**Task details**
Write out exactly, and only, the lines below from the line with "Snapshot of shining_pearl" through the line with "177 Buena Vista Fullerton, CA 92833"; pictures do not belong in the copy.

┌─ Excerpted data

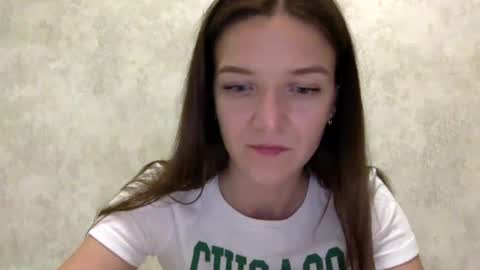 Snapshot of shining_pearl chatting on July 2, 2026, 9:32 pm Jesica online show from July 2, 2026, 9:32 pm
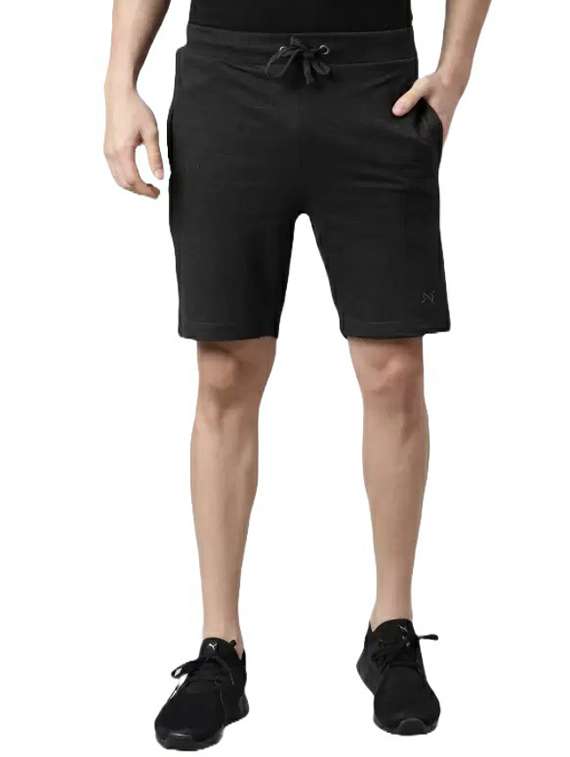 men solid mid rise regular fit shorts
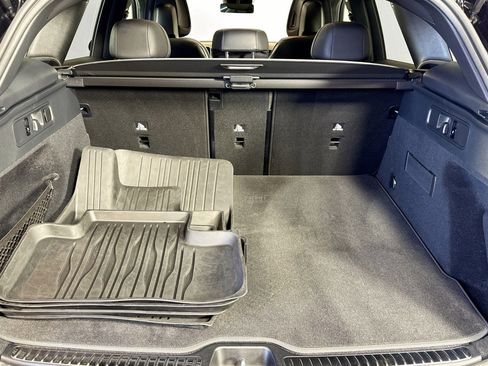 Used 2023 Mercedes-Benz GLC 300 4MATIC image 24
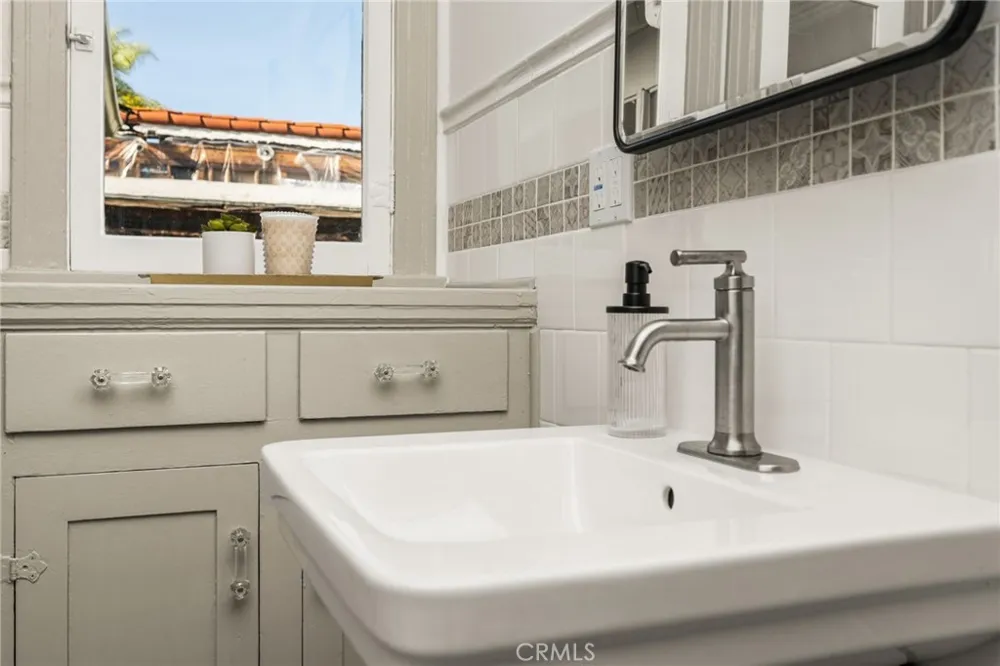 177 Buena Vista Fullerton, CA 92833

└─
┌─ Excerpted data

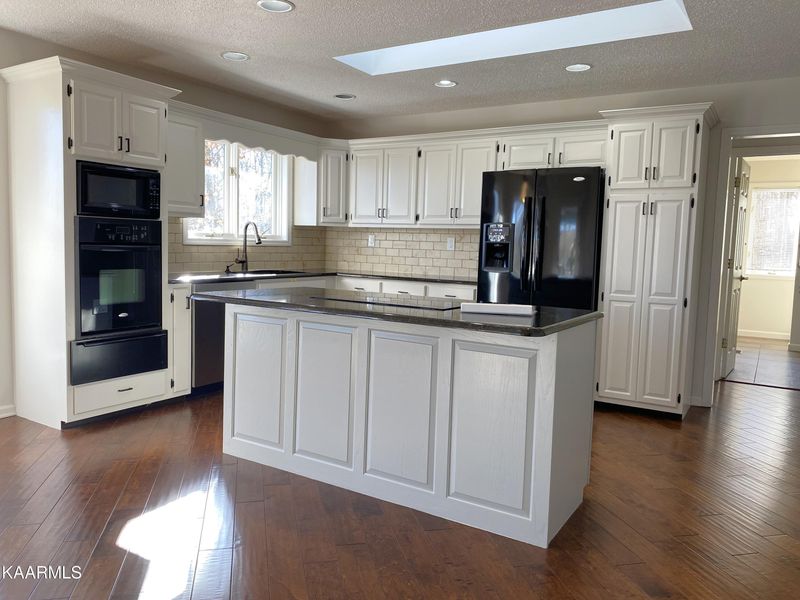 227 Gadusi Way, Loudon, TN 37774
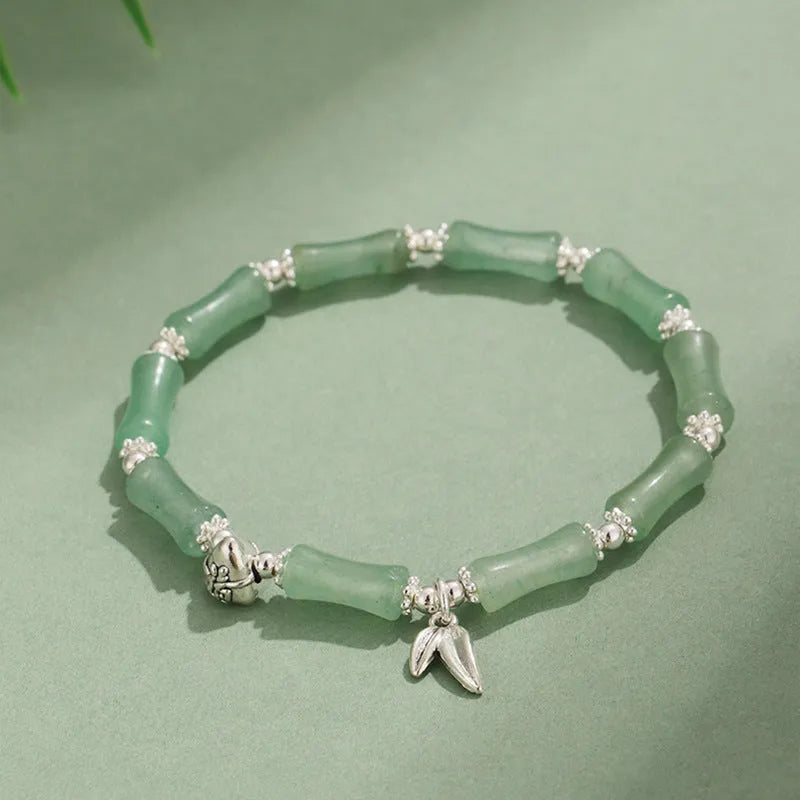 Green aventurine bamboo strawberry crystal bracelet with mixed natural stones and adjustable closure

└─
┌─ Excerpted data

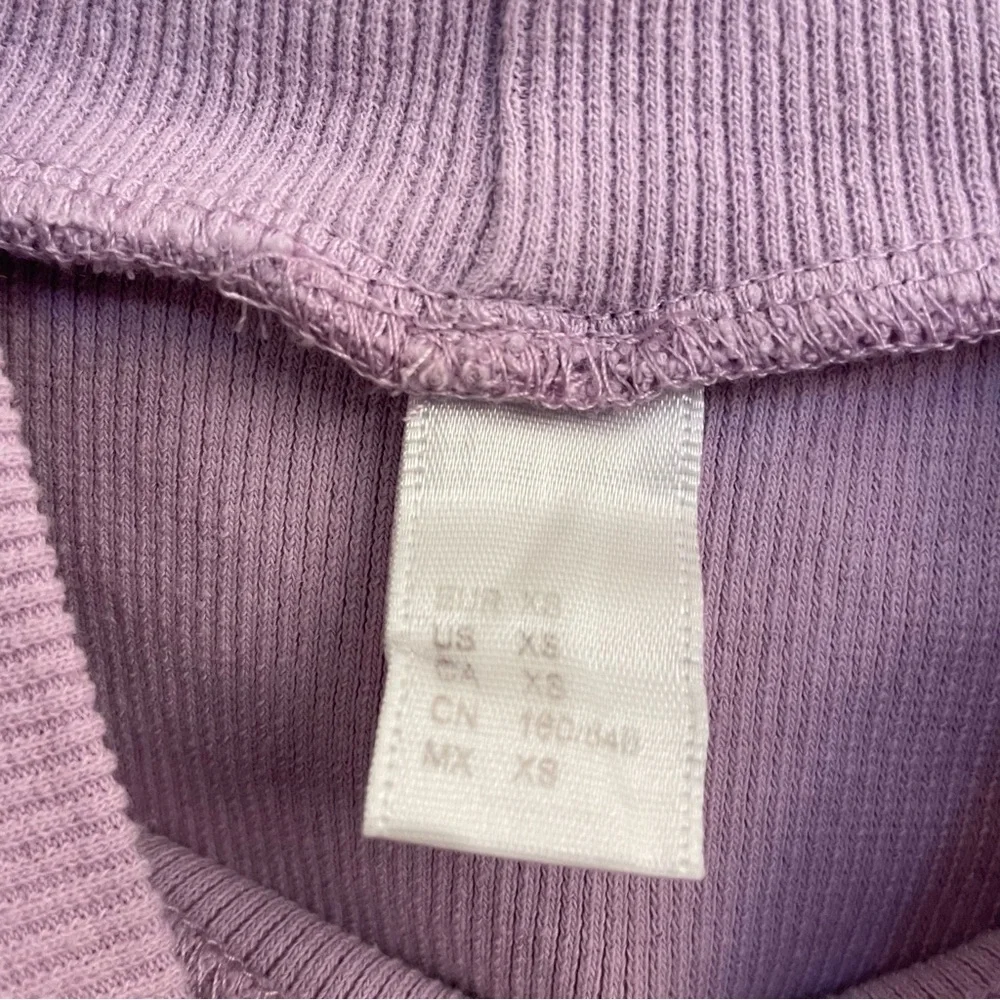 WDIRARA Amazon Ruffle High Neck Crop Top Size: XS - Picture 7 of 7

└─

**Output for this exercise**
 Snapshot of shining_pearl chatting on July 2, 2026, 9:32 pm Jesica online show from July 2, 2026, 9:32 pm
 men solid mid rise regular fit shorts
 Used 2023 Mercedes-Benz GLC 300 4MATIC image 24
 177 Buena Vista Fullerton, CA 92833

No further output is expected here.